Abstract

To review the correction of chin-up abnormal head position (AHP) due to infantile nystagmus syndrome via surgery on the vertical rectus muscles, typically a combined recession-resection of these muscles. This was a review of 6 patients who underwent surgical correction of chin-up vertical AHP in the context of infantile nystagmus syndrome at an academic institution. The correction of AHP, visual acuity, ductions, and ocular alignment were noted both preoperatively and postoperatively. The need for repeat surgery, induced strabismus, or correction of AHP were also noted. Six patients underwent surgery for chin-up AHP. A combined recession-resection of the vertical rectus muscles (bilateral inferior rectus muscle recession of 5 to 8 mm; bilateral superior rectus muscle resection of 7 to 8 mm) was performed in 4 of 6 patients, and isolated bilateral recession of the inferior rectus muscles was performed in the remaining 2 patients.

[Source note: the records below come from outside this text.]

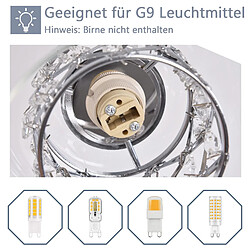 NETTLIFE Lampe Suspendue Pour Salle à Manger En Verre G9 Cristal Moderne à Hauteur Réglable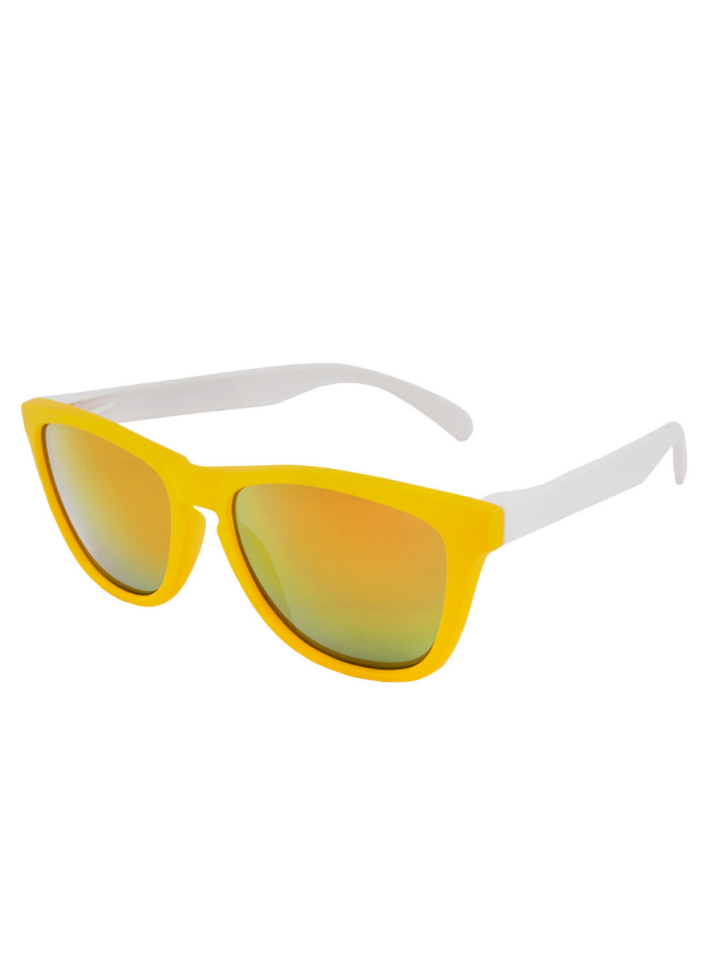 VeyRey Sluneční brýle Nerd Cool žluto-bílá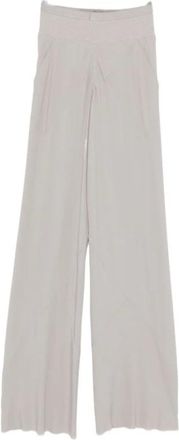 Rick Owens Wide Trousers, female, White, Size: S Bias Pants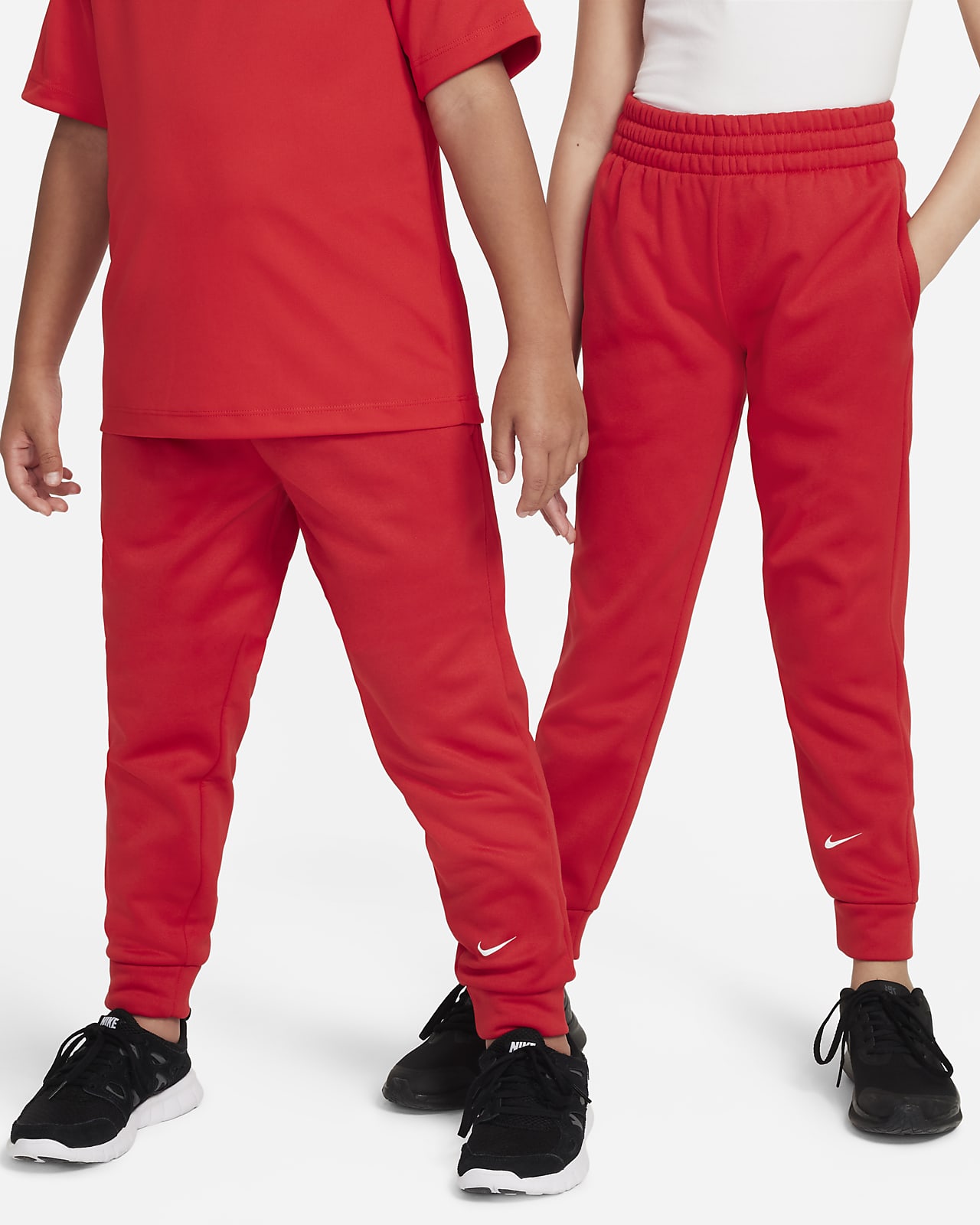 Nike Multi Big Kids' Therma-FIT Open-Hem Training Pants (Extended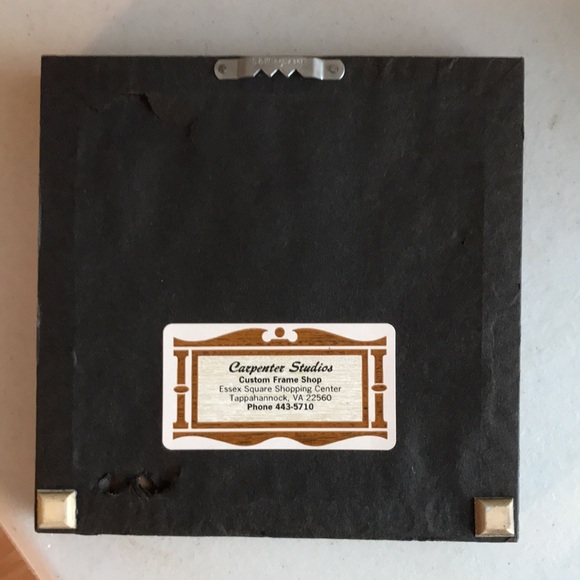 Wooden framed Cross Stitch Wall Hanging - Picture 3 of 4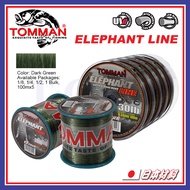 100m /1/8 Line (10LB-60LB) Tomman Elephant Line Tali Pancing Fishing Line (Monofilament Line)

Four of 6 patients (67%) achieved complete correction of their AHP at the last follow-up visit, with a mild residual chin-up AHP persisting in the other 2 patients. One patient developed large angle exotropia, one had restrictive hypertropia and horizontal plane null position, and another developed an incomitant horizontal strabismus with exotropia in right gaze. Reoperation was performed in the former 2 patients, with successful correction of the strabismus in each. Surgery on the vertical rectus muscles can reduce or eliminate a chin-up head position in patients with infantile nystagmus syndrome. Care should be taken to avoid producing a restriction of depression in abduction if the amount of resection is too large. [J Pediatr Ophthalmol Strabismus. 2022;59(6):410-415.].